A transformer with 70 billion parameters processes every input through 80 layers of 8192-dimensional hidden states. The hidden states encode everything the model “knows” about the input, but they are dense, high-dimensional vectors with no human-interpretable structure. Mechanistic interpretability aims to reverse-engineer what these hidden states represent — to decompose them into understandable features and trace how those features interact to produce the model’s output.

The key breakthrough: sparse autoencoders (SAEs) can decompose a model’s dense hidden states into a large set of sparse, interpretable features. Each feature corresponds to a recognizable concept (a language, a topic, a syntactic pattern, a factual association). The activation of these features can be traced through the model’s computation graph, revealing “circuits” — small subnetworks that implement specific behaviors.

This post covers the technical details of sparse autoencoders, feature identification and interpretation, circuit discovery, the logit lens technique, and the practical implications for model debugging and safety.

The Superposition Problem

Why Hidden States Are Uninterpretable

A transformer’s hidden state $h \in \mathbb{R}^{d}$ with $d = 8192$ dimensions could naively represent at most 8192 independent features (one per dimension). But the model clearly knows far more than 8192 things. The resolution: the model uses superposition — it encodes many more than $d$ features by using non-orthogonal directions in the $d$ -dimensional space.

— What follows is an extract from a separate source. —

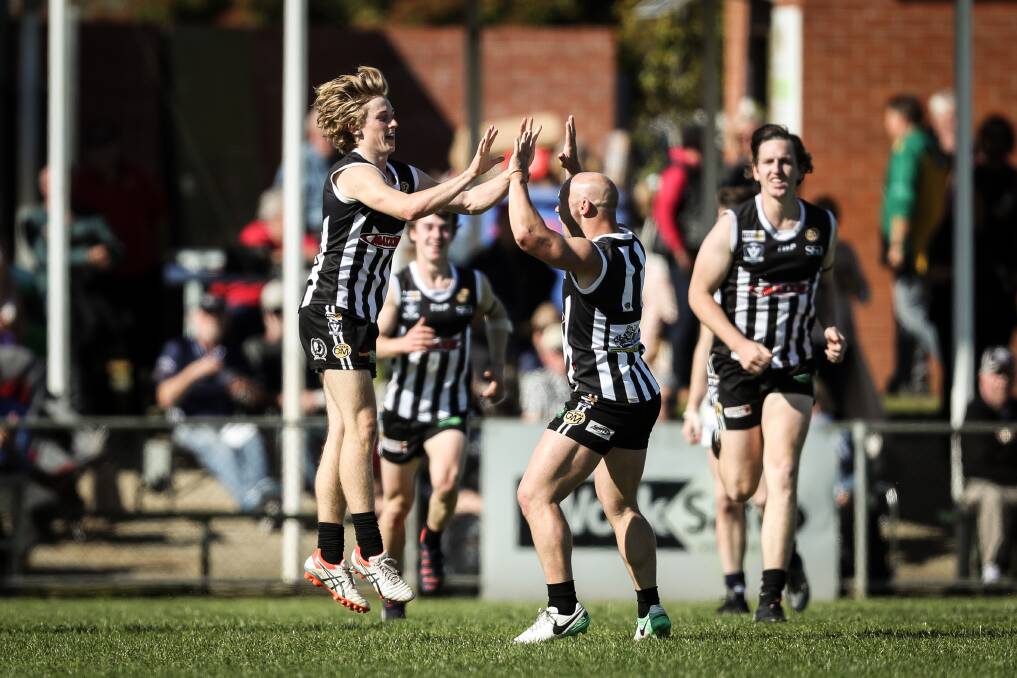 JUMPING JOE: The Pies' Joe Richards celebrates after landing a critical goal against Yarrawonga. Picture: JAMES WILTSHIRE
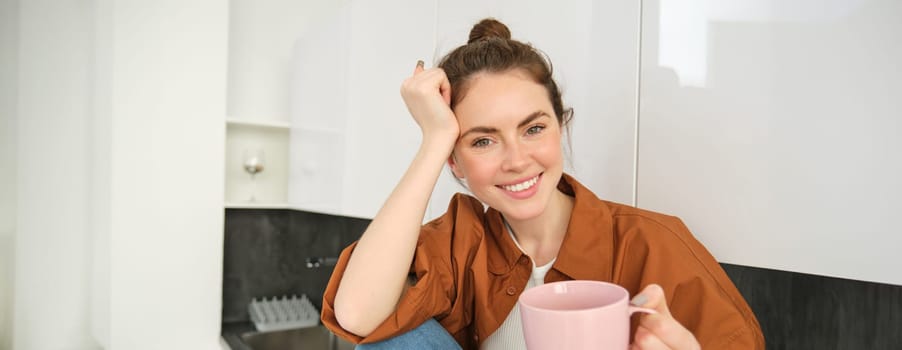 Portrait of woman with cup of coffee in hand, sits in kitchen and smiles at camera. Lifestyle and people concept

$h = \sum_{i=1}^{M} a_i \cdot f_i$

where $M \gg d$ features $f_i$ are directions in the hidden space, and $a_i$ are their activations. The features $f_i$ are not orthogonal to each other (they cannot be, since there are more features than dimensions). This means any single neuron’s activation is a mixture of multiple features, making individual neurons uninterpretable.

import torch
import torch.nn as nn
import numpy as np

def demonstrate_superposition():
    """Show how superposition encodes more features than dimensions."""
    d = 128       # Hidden dimension
    M = 1024     # Number of features (much larger than d)

    # Random feature directions (non-orthogonal)
    features = torch.randn(M, d)
    features = features / features.norm(dim=1, keepdim=True)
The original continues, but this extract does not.